Duus Museum - Cultural Center
Duus Museum is the Art and Cultural Center of Reykjanesbær where you can experience diverse exhibitions and cultural activities all year round. The museum houses exhibition halls for the Art Museum of Reykjanesbær and Heritage Museum of Reykjanesbær which offer new and exciting exhibitions throughout the year. The Reykjanes Maritime Center displays a collection of over 100 model boats built by the skipper Grímur Karlsson. A Tourist Information and Reykjanes Geopark Visitor Center are also located in the museum. We are open every day from 12:00 – 17:00.  
Aurora Basecamp
Aurora Basecamp is a one-of-a-kind facility, offering guests the chance to experience a real-time, indoor simulation of the Northern Lights, in a warm and relaxing environment. From there, our expert guides lead you out into the Icelandic night, and if the conditions are right you’ll get breathtaking views and photos of the real thing! Located just 20 minutes from Reykjavik, Aurora Basecamp provides a comfortable and inviting setting for the perfect Northern Lights experience.

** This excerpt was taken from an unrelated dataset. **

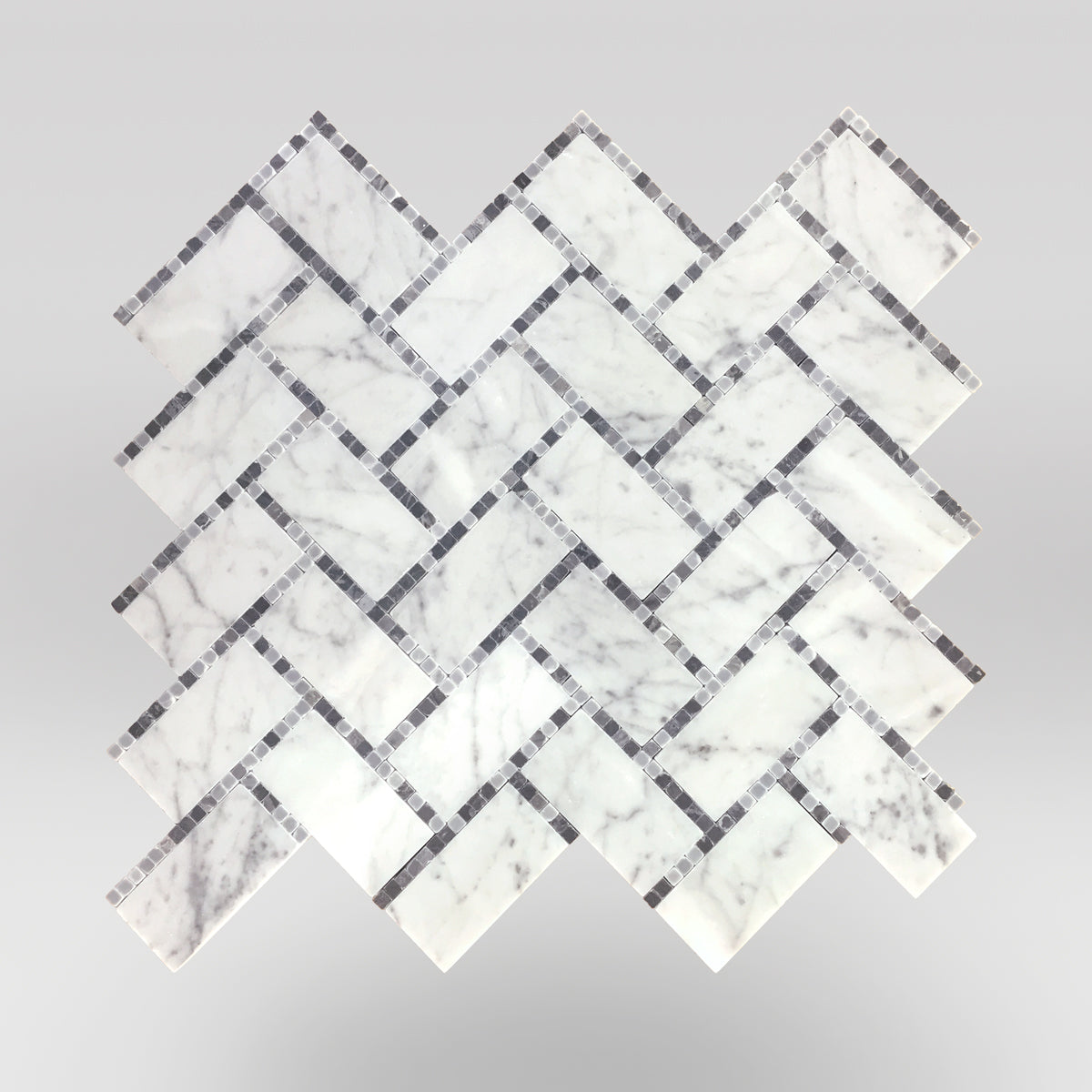 Chevron Weave Carrara and Bardiglio Gray Marble Mosaic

Southwest Iceland Nature Research Centre
Southwest Iceland Nature Research Centre is a regional institute of natural research and is based in Sandgerði. It was established in the year 2000 and is one of eight regional Nature Centres in Iceland. The institutes main focus is on ecology of marine invertebrates, exotic species in Icelandic waters, avian studies, and shoreline monitoring. The centre is also involved in various teaching programs for all educational levels. Southwest Iceland Nature Research Centre shares research facilities and housing with The Sudurnes Science and Learning Center and The University of Iceland‘s Research Centre in Sudurnes and are many of the researches done in collaboration between the institutes.